DrShade wrote: Fri Jan 08, 2021 1:13 pm I wanted to buy a condo so I can eventually pay it off and reduce my monthly expenses by a significant amount. I don't want to wait too long to do this as rent continually increases (my rent actually didn't increase this year due to covid but that is the outlier, not the norm.)

My current rent is ~1200 a month after taxes and everything. Total mortgage with Hoa/insurance,taxes, etc on a 160k condo with 20% down is about 1050 for 30 years at 2.7% and about 1400 for 15 years at 2.433%.

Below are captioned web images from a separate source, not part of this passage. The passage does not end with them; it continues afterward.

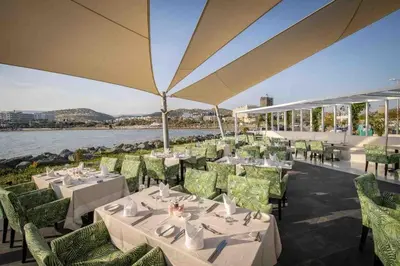 a restaurant with tables and chairs with a view of the water at Cydonia Gardens Maisonette with shared pool in Limassol
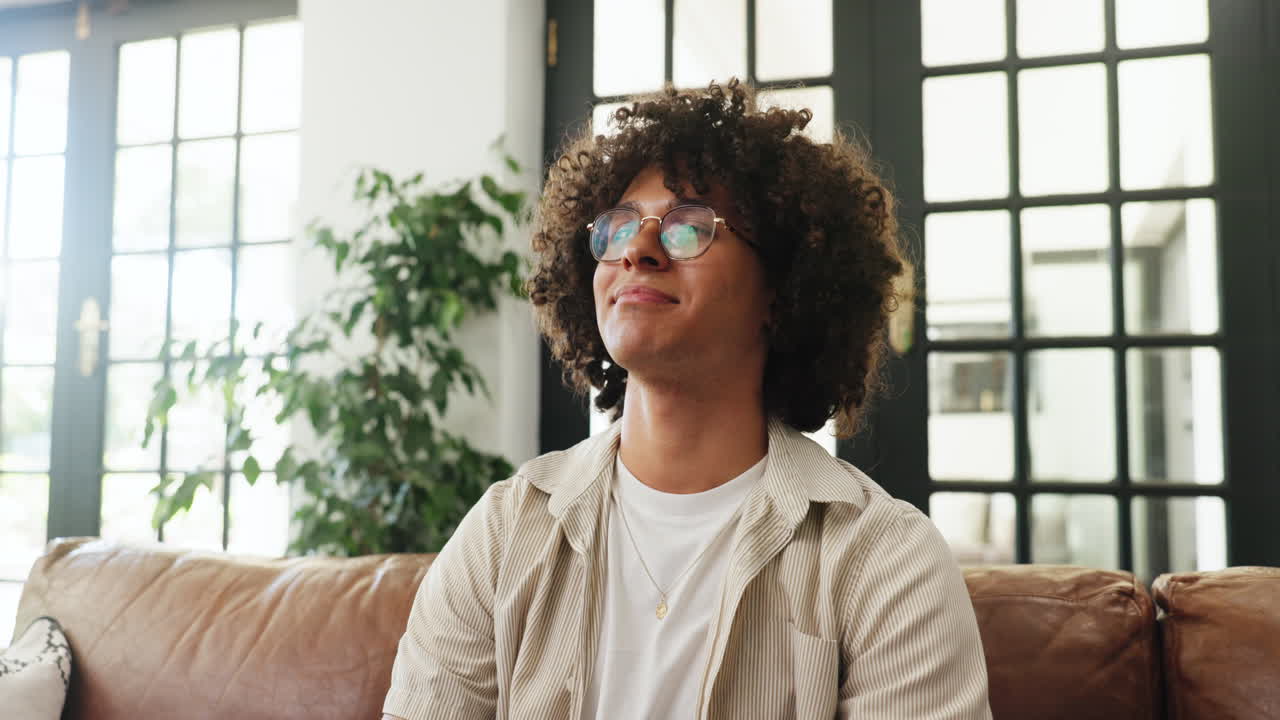 Young Man Meditating and Opening Eyes on Couch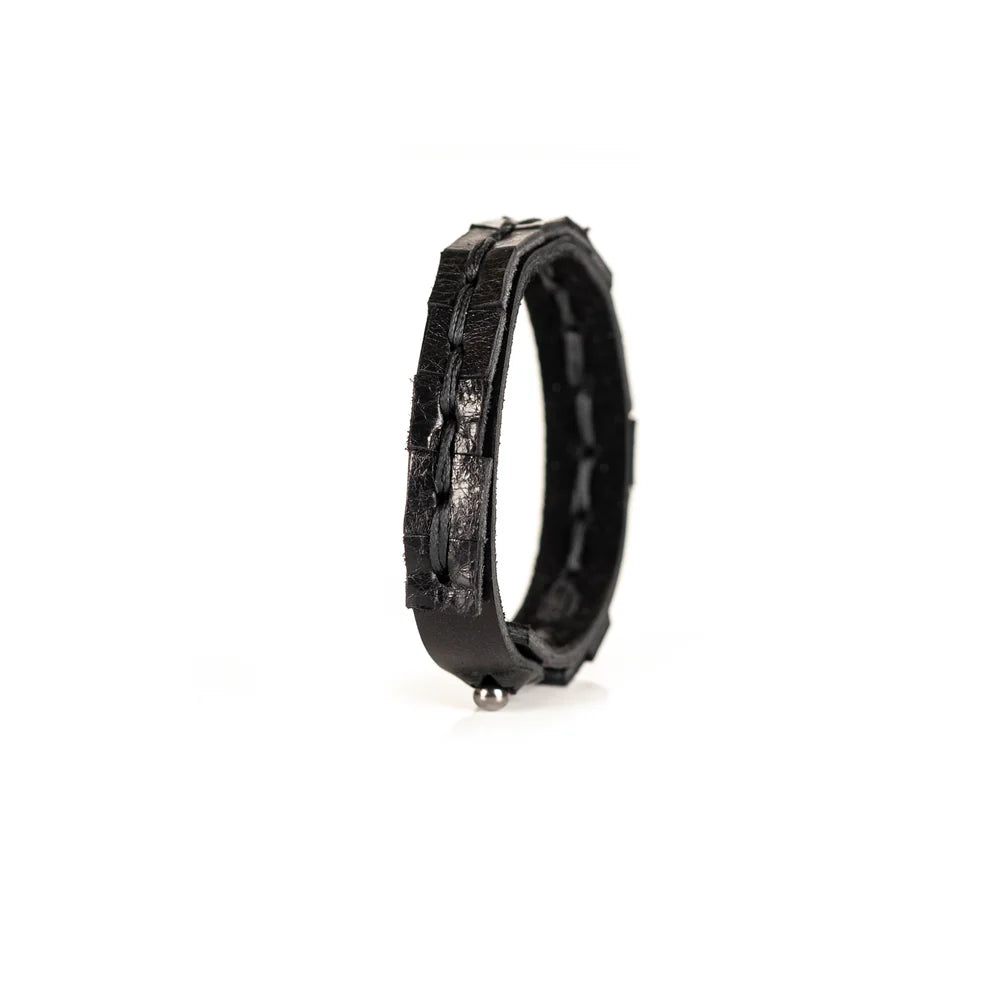 Black genuine leather bracelet featuring a hand-stitched center detail and geometric cut leather accents, handcrafted artisan accessory on a white background.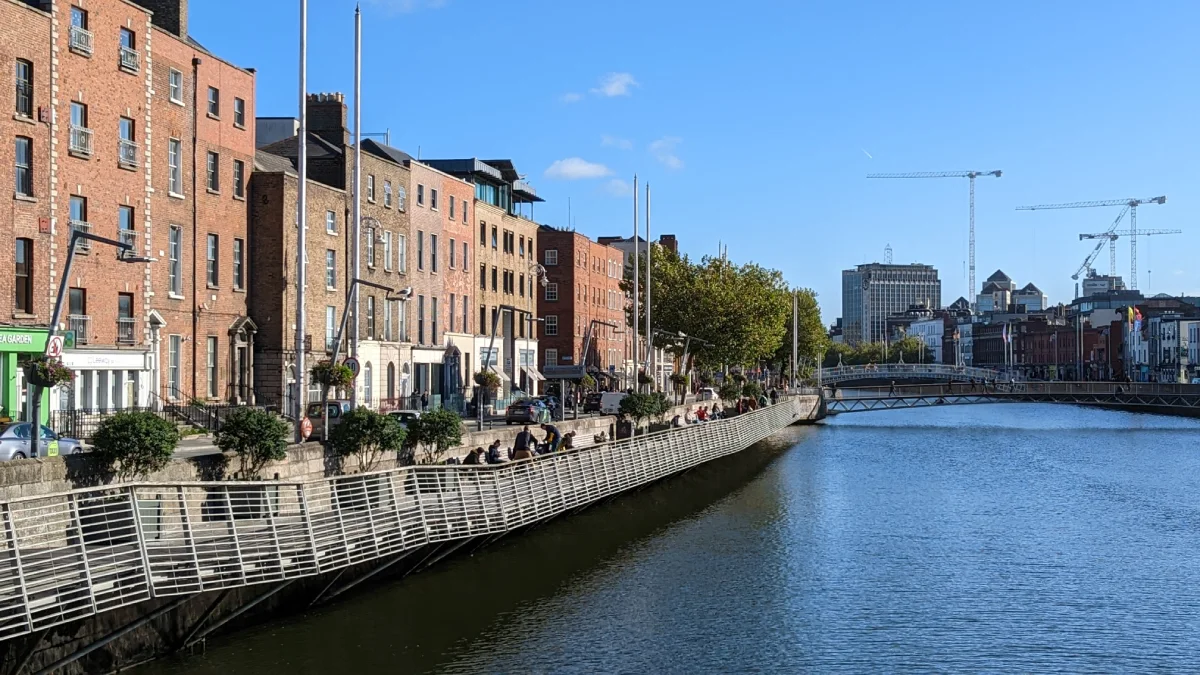 Sunny day on the River Liffey in Dublin, people sitting on the bank with the city behind.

Like I said I don't mind renting, I just didn't want to keep paying 1200 a month any longer than I have to and figured that getting a condo sooner rather than later would work out better for me financially in the future. I did consider moving in with a friend or two to save on costs, but I don't know how long we would do that for as we would be 26 at that time and people start getting married, etc so I didn't want to rely on that plan.
If you are willing to have a roommate, then house hack. Buy the condo and rent space to a roommate.

Also, save up using your hybrid A/D approach 2 posts above so you don't miss out on too much compounding or tax deferral.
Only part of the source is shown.